▶ **TASK REQUIREMENTS**
Starting at the line that contains "Laleh Maxi Dress - Glacier Blue", return every line down to the end of the records below, exactly as written.

▶ **MATERIAL FOR THIS EXERCISE**
----------
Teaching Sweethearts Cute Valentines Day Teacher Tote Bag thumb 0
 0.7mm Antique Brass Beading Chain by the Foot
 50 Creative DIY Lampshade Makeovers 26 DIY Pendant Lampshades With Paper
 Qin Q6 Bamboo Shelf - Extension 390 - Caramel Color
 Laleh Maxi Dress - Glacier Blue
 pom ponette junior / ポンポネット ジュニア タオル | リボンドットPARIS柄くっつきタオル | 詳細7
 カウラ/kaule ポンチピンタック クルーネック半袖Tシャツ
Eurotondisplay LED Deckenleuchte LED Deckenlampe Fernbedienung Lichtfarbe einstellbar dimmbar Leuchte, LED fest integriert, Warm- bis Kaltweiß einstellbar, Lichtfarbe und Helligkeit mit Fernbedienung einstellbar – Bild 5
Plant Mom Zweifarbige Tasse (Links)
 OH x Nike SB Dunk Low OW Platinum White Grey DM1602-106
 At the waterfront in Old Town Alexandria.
----------
▶ **RESULT OF THE EXERCISE**
 Laleh Maxi Dress - Glacier Blue
 pom ponette junior / ポンポネット ジュニア タオル | リボンドットPARIS柄くっつきタオル | 詳細7
 カウラ/kaule ポンチピンタック クルーネック半袖Tシャツ
Eurotondisplay LED Deckenleuchte LED Deckenlampe Fernbedienung Lichtfarbe einstellbar dimmbar Leuchte, LED fest integriert, Warm- bis Kaltweiß einstellbar, Lichtfarbe und Helligkeit mit Fernbedienung einstellbar – Bild 5
Plant Mom Zweifarbige Tasse (Links)
 OH x Nike SB Dunk Low OW Platinum White Grey DM1602-106
 At the waterfront in Old Town Alexandria.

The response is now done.